There were no leaders, permanent or interim, present for Question Period today, most at the funeral for victims of the Ste-Foy shootings, leaving it to be a much more subdued atmosphere in the Chamber. Denis Lebel led off, worried that softwood lumber and the TPP were not included in the new round of mandate letters. Chrystia Freeland responded by pointing out trade victories they have achieved so far as that they would continue to fight for softwood lumber. Lebel switched to English to ask the same thing, and François-Philippe Champagne stood up to insist that they would fight for new markets. Lebel worried that Canada wasn’t competitive enough to attract jobs, to which Navdeep Bains listed an auto deal that they just signed to get more jobs. Candice Bergen was up next, concern trolling that the government wanted to legalize all drugs. Jane Philpott assured her that they made evidence-based policy, and their marijuana legislation was based on strict control and regulation. Bergen pressed, and Philpott said there were no plans to legalize any other drugs. Alexandre Boulerice led off for the NDP, railing about the loss of electoral reform.
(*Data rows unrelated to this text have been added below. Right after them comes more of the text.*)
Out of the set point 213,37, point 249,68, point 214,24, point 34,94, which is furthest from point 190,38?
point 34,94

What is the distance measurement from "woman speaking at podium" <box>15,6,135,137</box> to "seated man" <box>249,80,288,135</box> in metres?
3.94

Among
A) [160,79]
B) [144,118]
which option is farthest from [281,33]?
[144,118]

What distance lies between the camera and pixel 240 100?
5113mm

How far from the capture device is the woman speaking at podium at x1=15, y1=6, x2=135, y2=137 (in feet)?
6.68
Karina Gould read a reply that there was no broad support from Canadians. Boulerice reiterated, and so did Gould. Nathan Cullen tried to insist there was consensus for proportional representation, and that the government didn’t have a mandate to abandon it, but Gould kept reading her points.

Round two, and Gérard Deltell worried about the deficit (Morneau: We are encouraging growth and innovation ), Pierre Poilievre worried about manufacturing jobs under carbon taxes (Bains: We have made harmonizing regulations a key priority), and Diane Watts and Alain Rayes worried that infrastructure spending wasn’t flowing per the PBO’s report earlier today (Sohi: Look at these billions of dollars that are flowing). Jenny Kwan and Hélène Laverdière demanded an end to the safe third country refugee agreement (Hussen: The executive order has no impact on asylum claims made in either country). Rachael Harder, Sylvie Boucher and Marilyn Galdu worried about the renovations for the Status of Women office (Monsef: This way the Minister and department are in the same place). Tracey Ramsey worried about NAFTA renegotiations (Freeland: You’re wrong, the clock has not started), and Ruth Ellen Brosseau gave a plaintive wail about supply management (Freeland: We will continue to defend those interests).
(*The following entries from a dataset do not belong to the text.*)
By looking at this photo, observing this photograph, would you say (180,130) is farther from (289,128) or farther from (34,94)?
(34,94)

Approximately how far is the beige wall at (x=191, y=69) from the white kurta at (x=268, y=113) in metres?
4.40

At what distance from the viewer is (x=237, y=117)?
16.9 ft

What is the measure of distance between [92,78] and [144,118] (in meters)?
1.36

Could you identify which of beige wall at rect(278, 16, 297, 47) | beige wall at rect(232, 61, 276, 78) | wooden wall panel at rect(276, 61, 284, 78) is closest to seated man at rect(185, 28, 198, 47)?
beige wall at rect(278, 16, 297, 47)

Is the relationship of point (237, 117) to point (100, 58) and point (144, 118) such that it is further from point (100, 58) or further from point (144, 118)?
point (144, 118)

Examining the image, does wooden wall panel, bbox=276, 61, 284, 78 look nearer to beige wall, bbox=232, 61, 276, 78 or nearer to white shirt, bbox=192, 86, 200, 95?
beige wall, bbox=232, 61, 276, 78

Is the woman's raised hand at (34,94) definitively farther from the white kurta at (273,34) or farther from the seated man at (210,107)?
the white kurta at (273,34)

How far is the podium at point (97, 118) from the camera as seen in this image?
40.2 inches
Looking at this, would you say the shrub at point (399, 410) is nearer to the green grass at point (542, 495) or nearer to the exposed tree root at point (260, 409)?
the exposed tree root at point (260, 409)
Round three saw questions on funding for Canada 2020, Indigenous suicides, “Sixties scoop” litigation, peacekeeping deployments, the situation in Ukraine, the opioid crisis, electric charging stations at federal buildings, broadband connectivity programme deadlines, and supply management.

Overall, it was a mediocre day, but the quality of the questions left a lot to be desired, and there was a hell of a lot of reading on the cabinet side. I’m a bit surprised that it took four days for Hussen to declare that the safe third country agreement that the NDP want suspended has nothing to do with the resettlement of refugees that Trump’s “Muslim ban” is affecting. And Karina Gould needs to step it up a notch or three pronto. Meanwhile, Blaine Calkins’ continued conspiracy theorizing about the SSHRC funding for Canada 2020, and complaining about how they characterized their offices, was tiresome and still a bit gross. That said, the government could have done a better job of answering the question that by prefacing the fact that the granting bodies are arm’s length than the platitudes about supporting science. But I’ll let Paul Wells take it from here:

Sartorially speaking, snaps go out to Shannon Stubbs for a burgundy dress with a black jacket, and to Arif Virani for a tailored dark grey suit with a white shirt and a red tie and pocket square. Style citations go out to Mark Holland for a navy suit with a bright pink shirt and light blue bow-tie, and to Maryam Monsef for a black smock with a large florals and a long black sweater.